-- RECORDED INFORMATION --
____
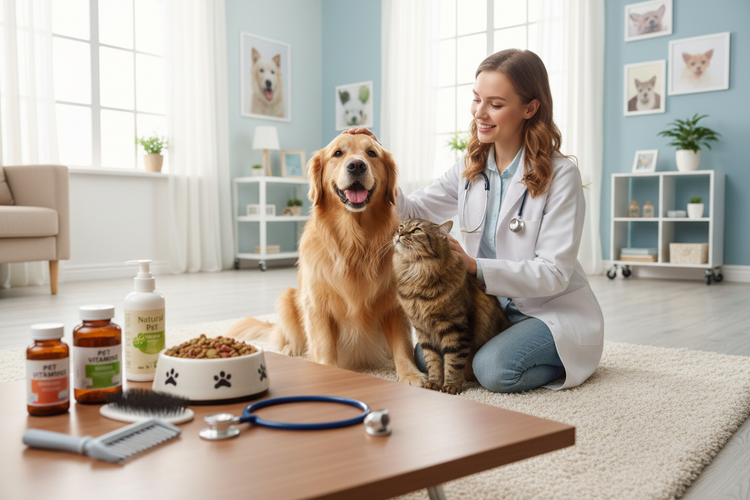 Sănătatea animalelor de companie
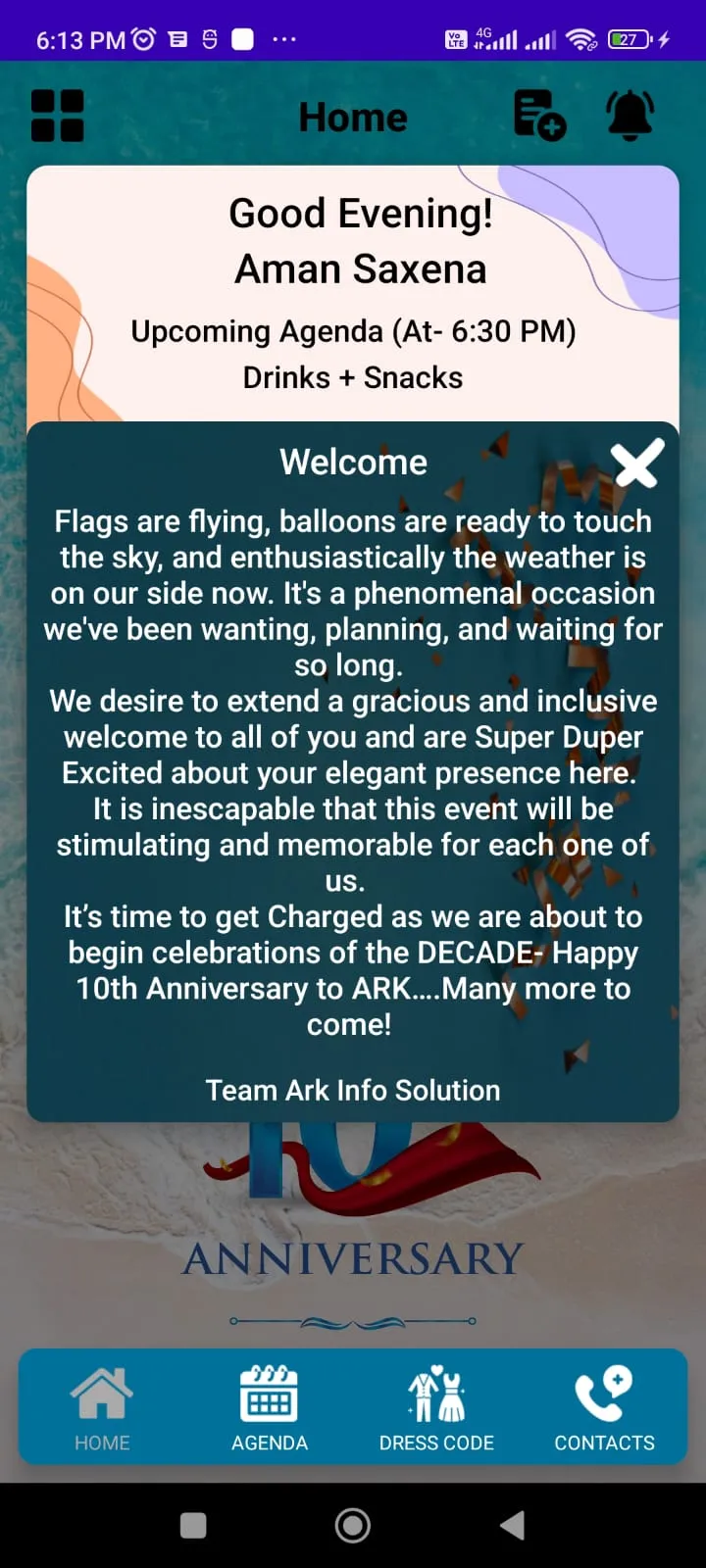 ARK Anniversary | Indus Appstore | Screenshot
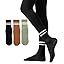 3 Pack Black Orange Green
____
-- WORK INSTRUCTION --
Omit the pictures and write out the remaining data exactly.

-- ANSWER BOX --
 Sănătatea animalelor de companie
 ARK Anniversary | Indus Appstore | Screenshot
 3 Pack Black Orange Green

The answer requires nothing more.